“But soft, what light through yonder window breaks?
It is the east, and Juliet is the sun.
Arise, fair sun, and kill the envious moon,
Who is already sick and pale with grief
That thou, her maid, art far more fair than she. . . .
The brightness of her cheek would shame those stars
As daylight doth a lamp; her eye in heaven
Would through the airy region stream so bright
That birds would sing and think it were not night.” (2.1.44–64)
Spoken by Romeo outside Juliet’s window, these are some of the most familiar lines in all of Shakespeare. This quotation contains the themes of light and dark in all of their complexity. Romeo’s unbounded love compels him to view Juliet as one who exceeds the stars and the heavens. The theme of passionate love is dramatized through this quotation. And the confusion of night and day, so crucial to the themes of the play, are fully articulated in the final line.
“O Romeo, Romeo,
wherefore art thou Romeo?
Deny thy father and refuse thy name,
Or if thou wilt not, be but sworn my love,
And I’ll no longer be a Capulet.” (2.1.74–78)
Again, one of the most well-known quotations in Shakespeare’s plays.
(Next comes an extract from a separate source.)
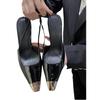 Zapatos de Tacón Alto de Charol Negro Europeos y Americanos Estilo Nuevo Primavera y Verano 2026 Punta Cuadrada Metálica Tacón de Aguja Antideslizantes Zapatos de Salón para Mujer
These lines are spoken by Juliet during the balcony scene. In these lines we witness Juliet weighing her duty to her father and her family against her love of Romeo. This quotation dramatizes the themes of individual versus society, the individual against their own duty, and passionate love. All of these themes are the catalysts for romance and conflict.
“From forth the fatal loins of these two foes
A pair of star-crossed lovers take their life,
Whose misadventured piteous overthrows
Doth with their death bury their parents’ strife. . . ”
Spoken by the chorus in the Prologue to the play, these lines describe the tension between fate and individual will. How much of the action is due to the personal agency of the characters, and how much is purely written in the stars?